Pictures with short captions

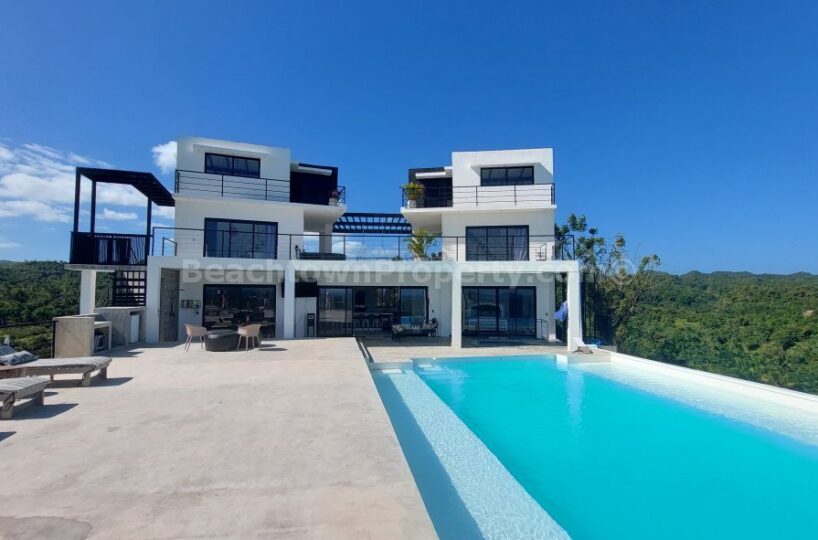 Ocean View Modern House For Sale El Limon Samana Dominican Republic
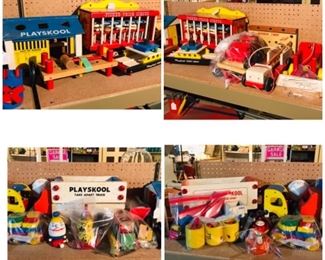 vintage very nice Playskool toys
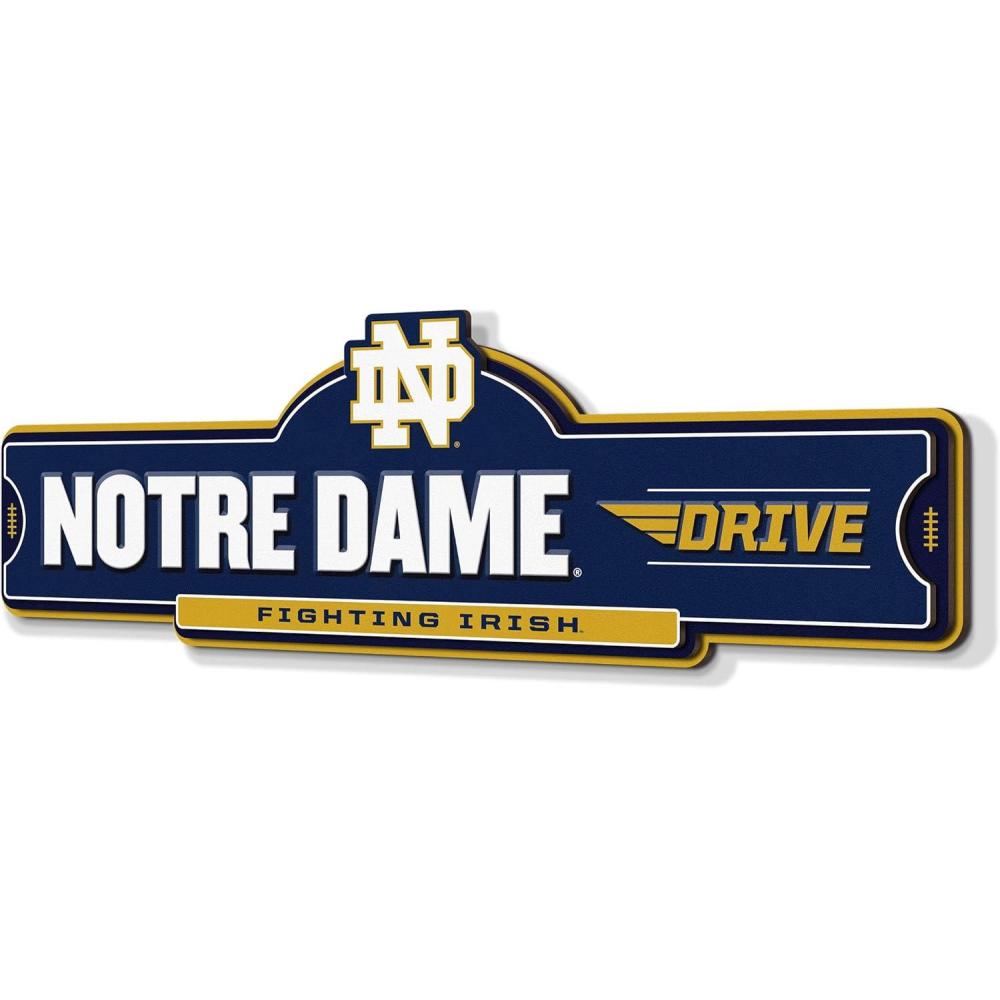 image:imageYouTheFan NCAA 3D Street Sign precisioncrafted readytohang wall art officially licensed and stylish addition for the ultimate team fanNotre Dame Fighting Irish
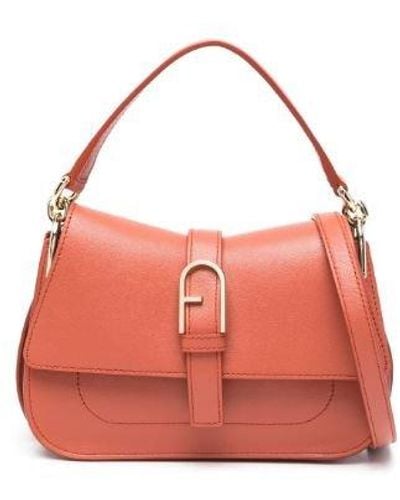 Furla Flow Mini Top Handle Bag - Red
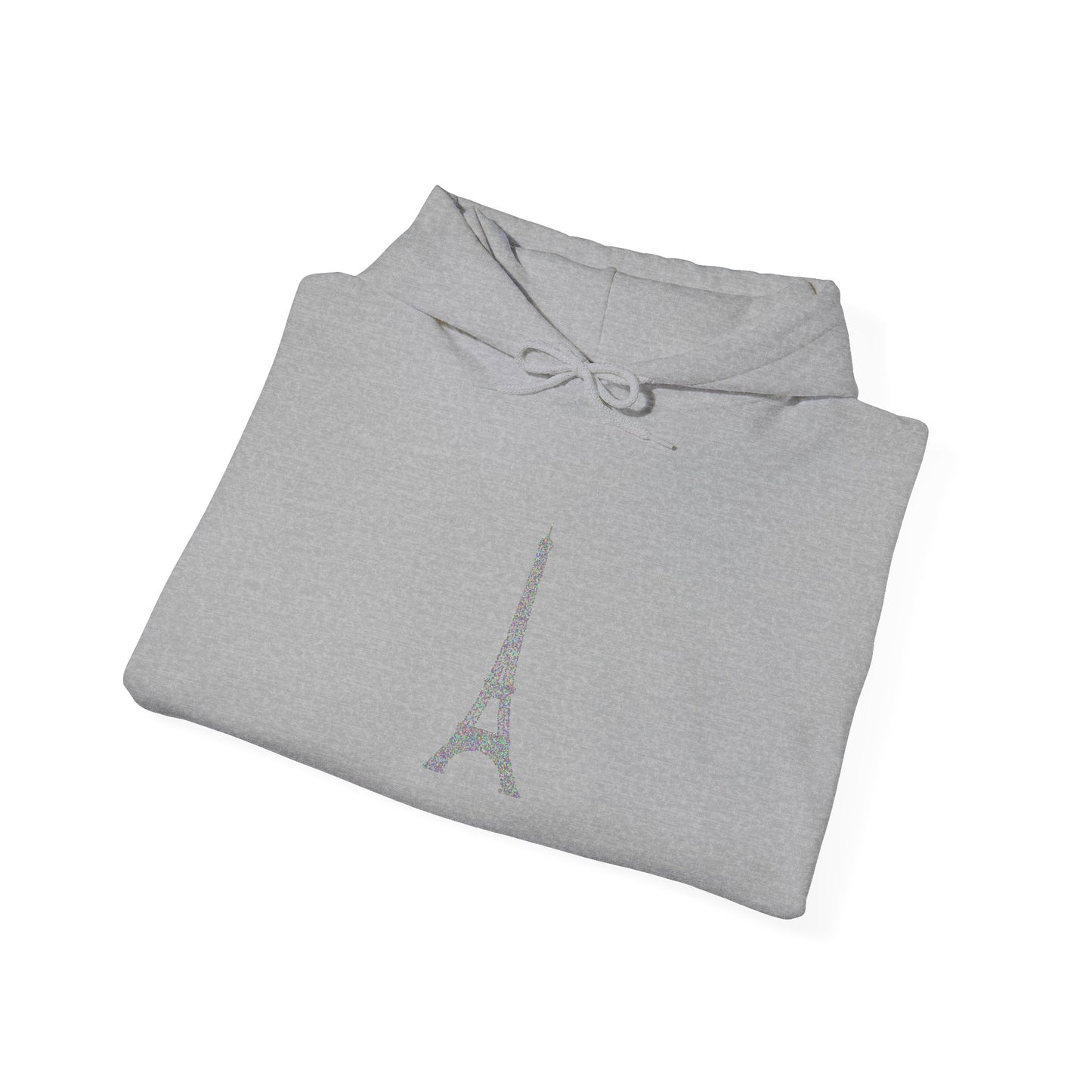 Parisian Style Hoodie - Cozy Unisex Sweatshirt with Eiffel Tower Design, Travel Gift, Streetwear, Casual Wear, Vacation Vibe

*PROBLEM DESCRIPTION*
Write the records out exactly once more, leaving off the pictures.

*OUTPUT OF THE TASK*
 Ocean View Modern House For Sale El Limon Samana Dominican Republic
 vintage very nice Playskool toys
 image:imageYouTheFan NCAA 3D Street Sign precisioncrafted readytohang wall art officially licensed and stylish addition for the ultimate team fanNotre Dame Fighting Irish
 Furla Flow Mini Top Handle Bag - Red
 Parisian Style Hoodie - Cozy Unisex Sweatshirt with Eiffel Tower Design, Travel Gift, Streetwear, Casual Wear, Vacation Vibe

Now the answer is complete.